» Your objective
Each entry is to be given again exactly; drop the images.

►

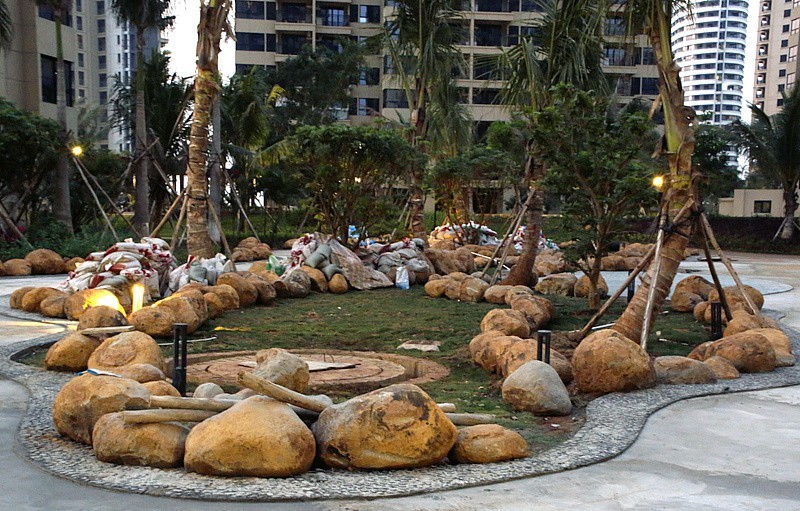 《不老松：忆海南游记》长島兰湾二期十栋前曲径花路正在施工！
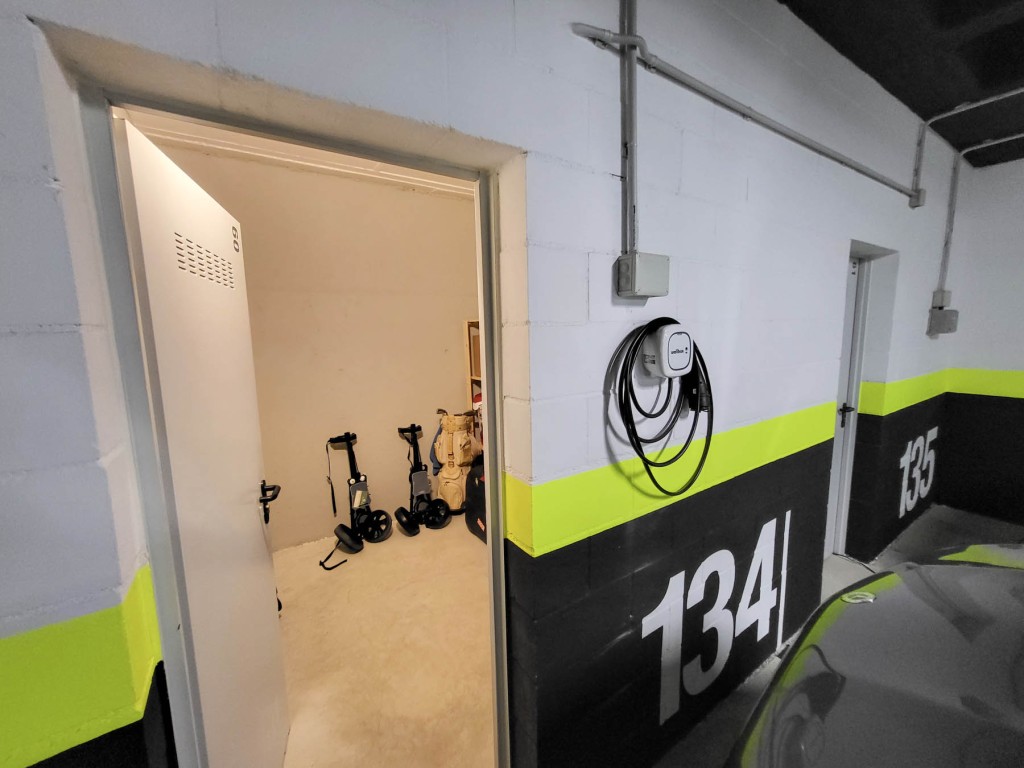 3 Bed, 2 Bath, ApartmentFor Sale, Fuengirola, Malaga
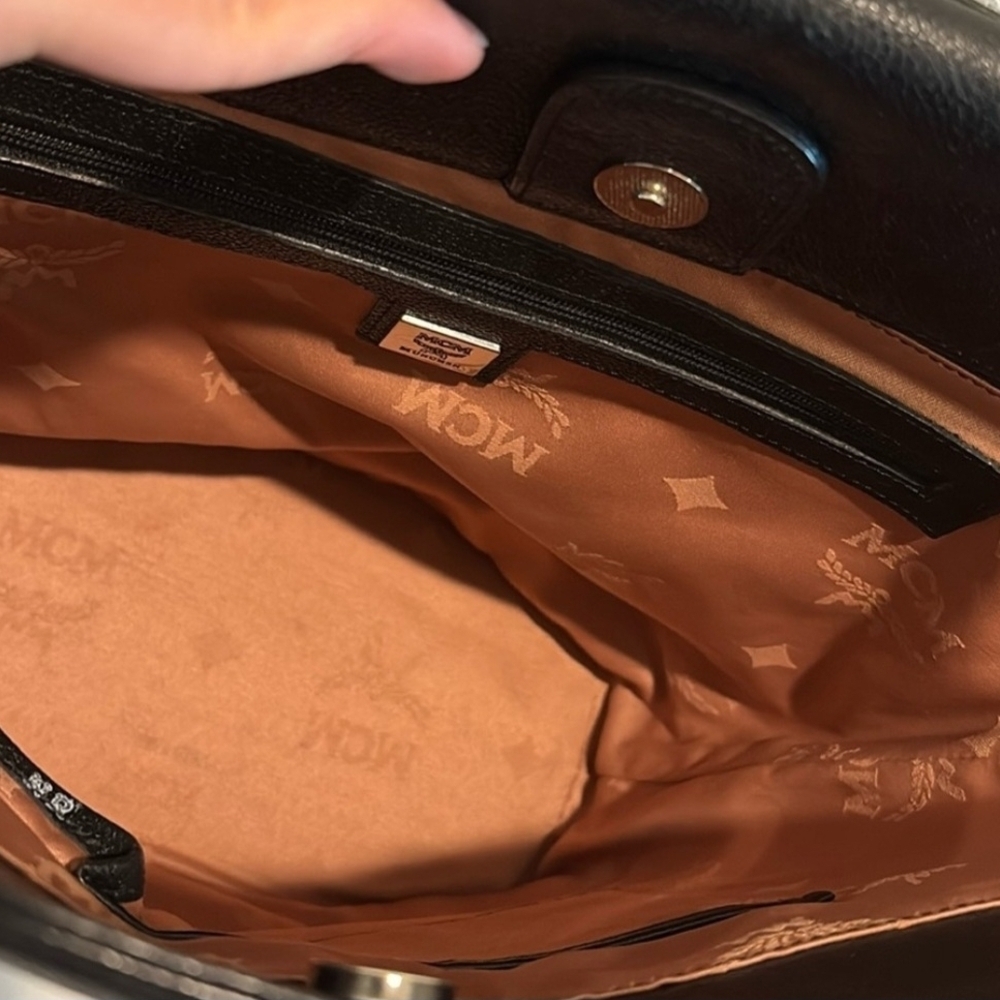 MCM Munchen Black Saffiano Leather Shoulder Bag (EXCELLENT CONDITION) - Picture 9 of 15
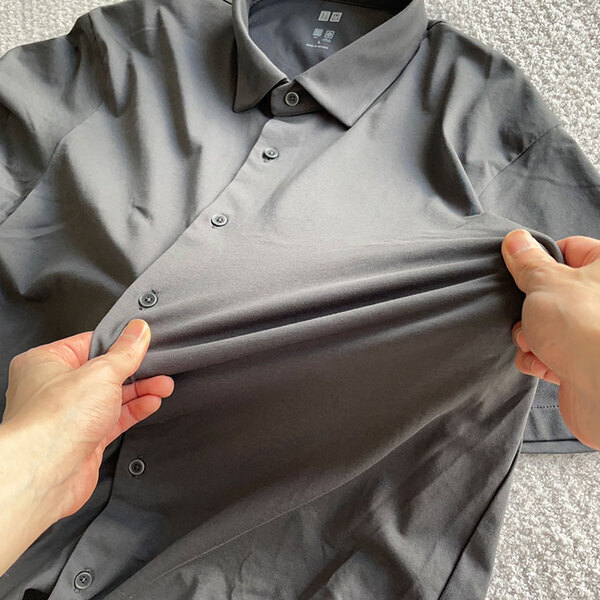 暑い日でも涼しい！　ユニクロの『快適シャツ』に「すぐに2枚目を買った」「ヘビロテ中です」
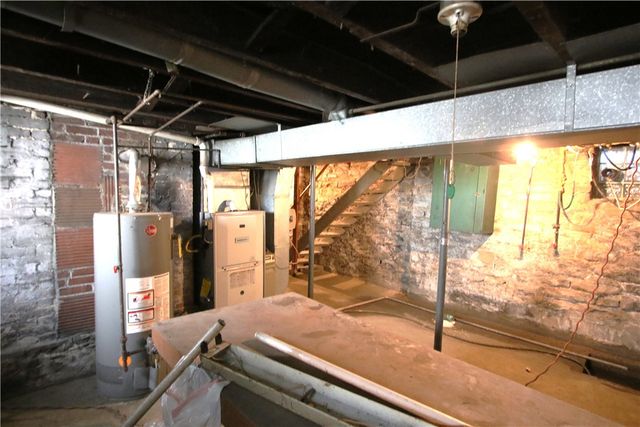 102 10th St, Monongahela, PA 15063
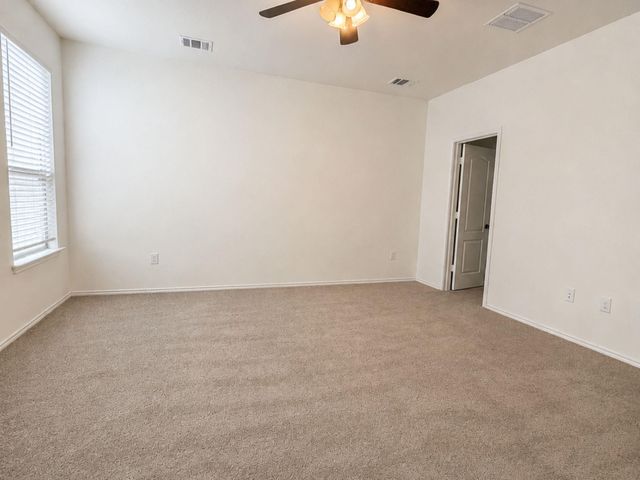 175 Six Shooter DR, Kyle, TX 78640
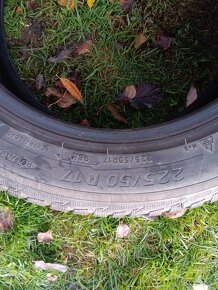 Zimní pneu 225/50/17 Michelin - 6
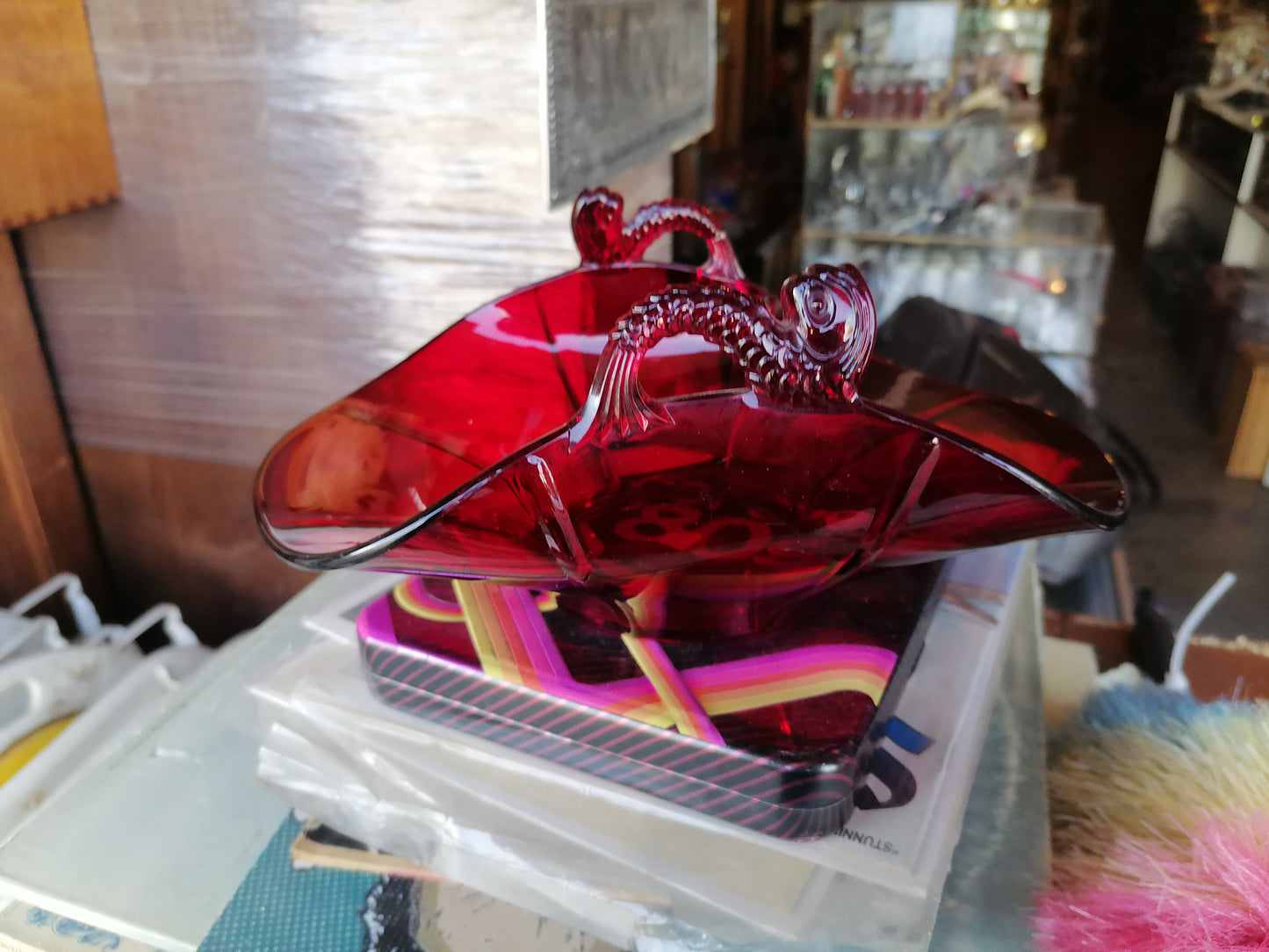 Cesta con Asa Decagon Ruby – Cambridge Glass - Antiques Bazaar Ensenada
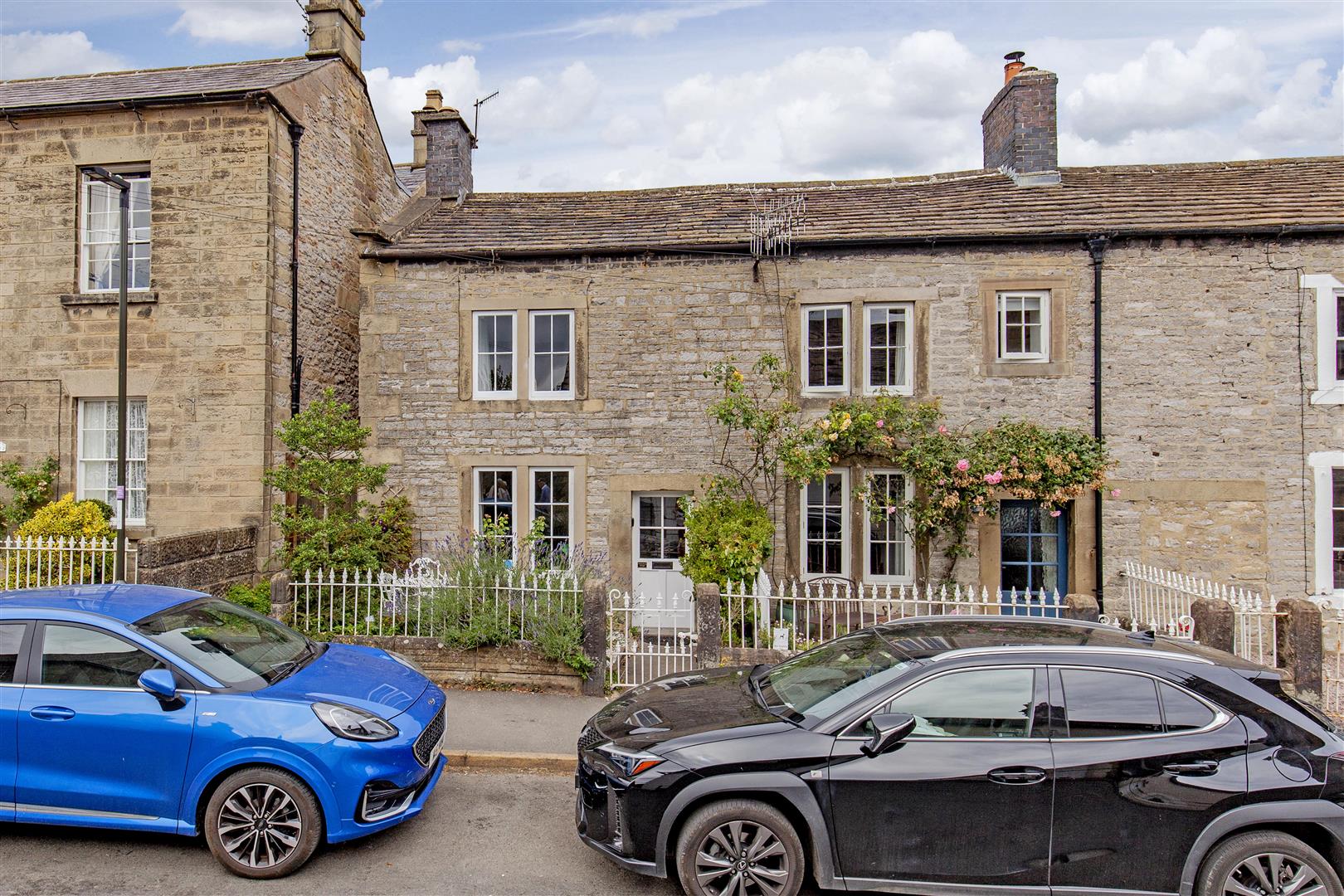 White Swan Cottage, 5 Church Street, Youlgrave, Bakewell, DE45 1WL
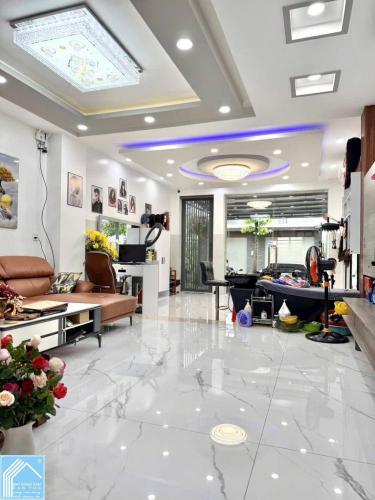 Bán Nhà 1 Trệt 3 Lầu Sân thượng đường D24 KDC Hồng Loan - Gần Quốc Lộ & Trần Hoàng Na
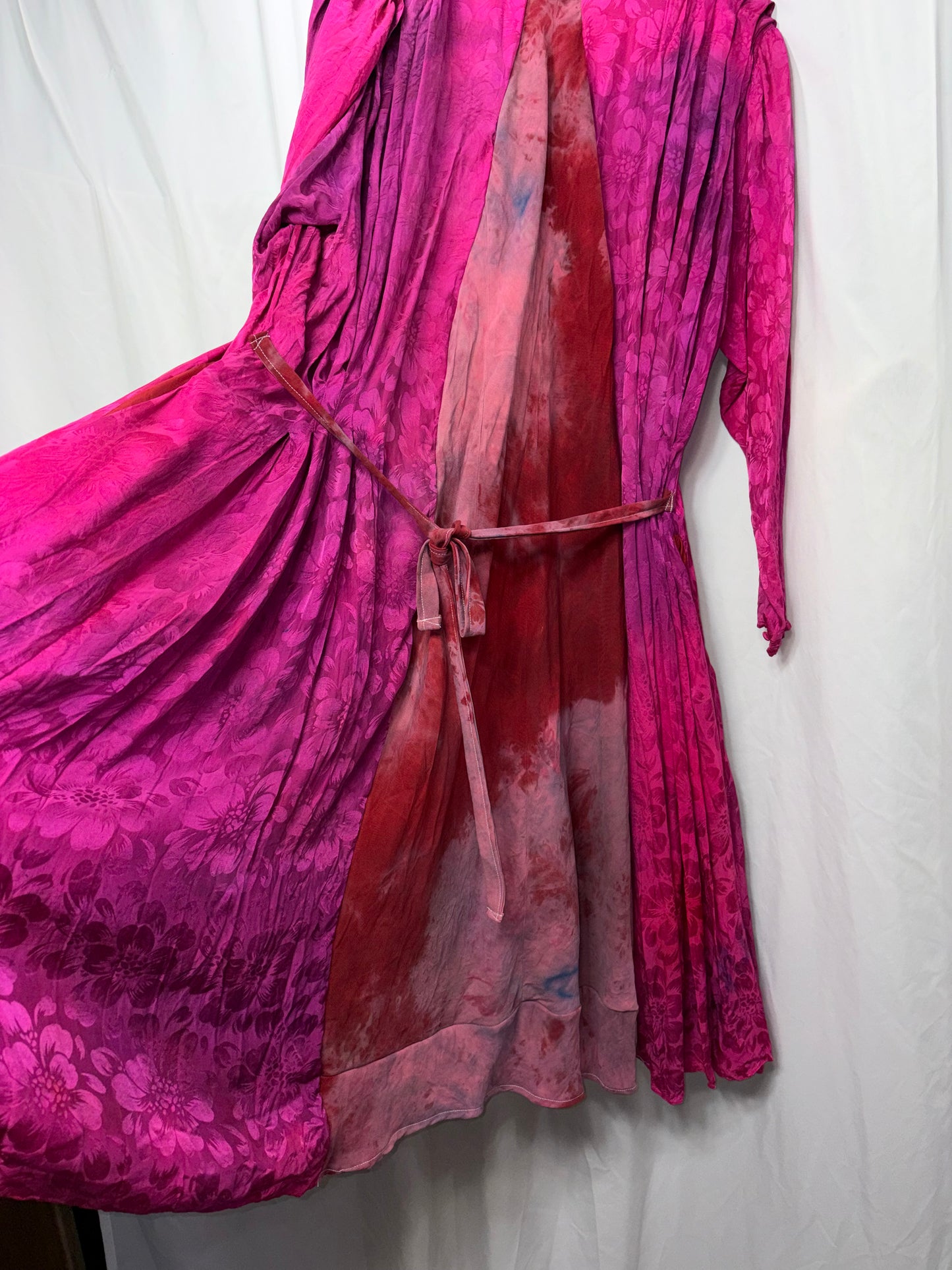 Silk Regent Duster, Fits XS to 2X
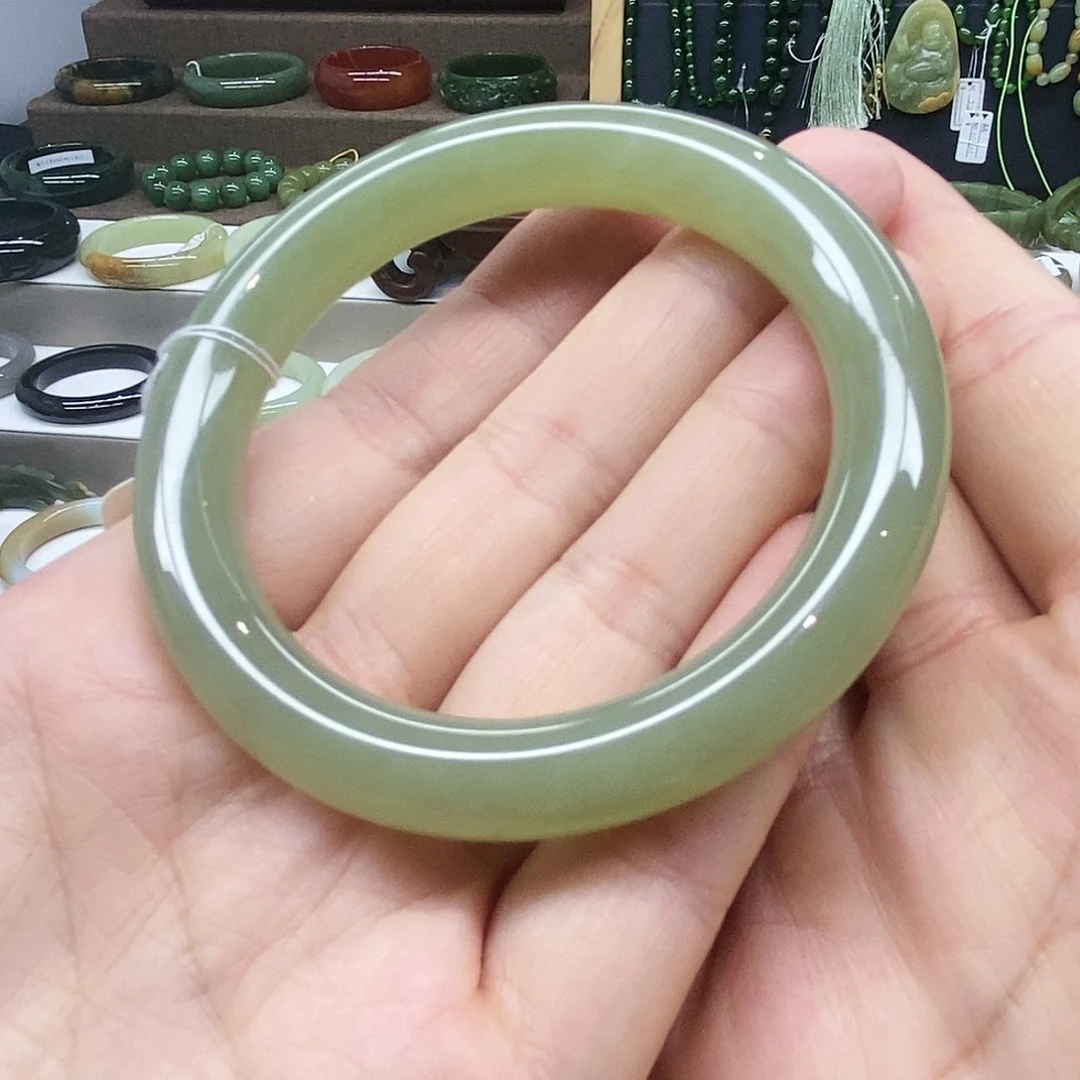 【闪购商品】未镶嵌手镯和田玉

◄

» The answer
 《不老松：忆海南游记》长島兰湾二期十栋前曲径花路正在施工！
 3 Bed, 2 Bath, ApartmentFor Sale, Fuengirola, Malaga
 MCM Munchen Black Saffiano Leather Shoulder Bag (EXCELLENT CONDITION) - Picture 9 of 15
 暑い日でも涼しい！　ユニクロの『快適シャツ』に「すぐに2枚目を買った」「ヘビロテ中です」
 102 10th St, Monongahela, PA 15063
 175 Six Shooter DR, Kyle, TX 78640
 Zimní pneu 225/50/17 Michelin - 6
 Cesta con Asa Decagon Ruby – Cambridge Glass - Antiques Bazaar Ensenada
 White Swan Cottage, 5 Church Street, Youlgrave, Bakewell, DE45 1WL
 Bán Nhà 1 Trệt 3 Lầu Sân thượng đường D24 KDC Hồng Loan - Gần Quốc Lộ & Trần Hoàng Na
 Silk Regent Duster, Fits XS to 2X
 【闪购商品】未镶嵌手镯和田玉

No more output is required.